Smiling Rhay Christou

Acquaintance or Friend: How well do you know your character?

Today I have something special for you — a guest blog by Rhay Christou.

A word of introduction is necessary. Some of you know that I teach at Lawson Writers Academy. Rhay is one of my fellow teachers. She wrote this to share, and graciously allowed me to reprint it here.

This is a powerful writing exercise. Enjoy. I’m hoping to share some PowerPoints from my characters in the next few weeks. Maybe you’ll share some as well!


From Rhay:

As writers we create characters, as people we create friends, but as we all know neither comes in a one-size-fits-all.

There are folks we know from the bus stop, the water cooler, the break room, the gal at the supermarket. We know she has blond hair and blue eyes, ripped abs, a bad knee from standing all day. We might know their name. Might’ve noticed the tiny scar she has at the her eye-line. We ask the how-you-doing, how’s the kids, grand-kids, life kind of questions. We talk about the weather, nod, smile, move on.

But are these friends?

Likely not. These are simply the people that pepper our lives.

Our friends, however, are more. Often there are no smiles or nods and definitely no moving on.

We share our lives with these people.  We know what they are doing this weekend or next week, we fill up their trough with our stories and in turned get filled theirs. These are intimate, powerful, vulnerable relationships.

The humanity of writing

Perhaps it is this ability to forge such connections that leaves me a tad flabbergasted when I read some stories.

I Know the character is tall, blond, has a sunflower tat on her ankle. I know she was left broken-hearted, never recovered, has a mean mom and a great dad. However, I don’t know what any of this means to the character.

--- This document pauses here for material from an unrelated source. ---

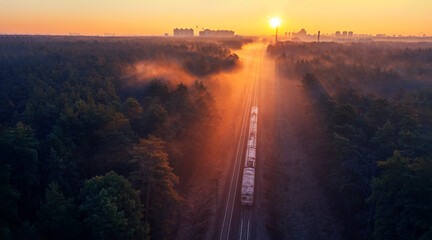 A freight train travels through a foggy forest.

I don’t know the character, and so I don’t connect. Or care. Not caring is a huge thing because we are asking a reader to give time, energy and effort to our stories and if we don’t offer that “caring” in return, we are not keeping our promise to entertain. In essence, we are wasting the readers time.

Caring is the key to connecting our readers to our stories. Knowing the characters is the key caring, but if we haven’t forged a connection, a friendship if you will, with our characters, we cannot hope to create that connection for the reader.

Know your character.

Like people, characters do not spring fully formed. We are a collection of past experiences, slow growth, the same mistake, a sudden shock. 

These moments in your character’s life define character and will have a lasting impact on story. He’ll either try to mask his weakness or be brave and show his truth.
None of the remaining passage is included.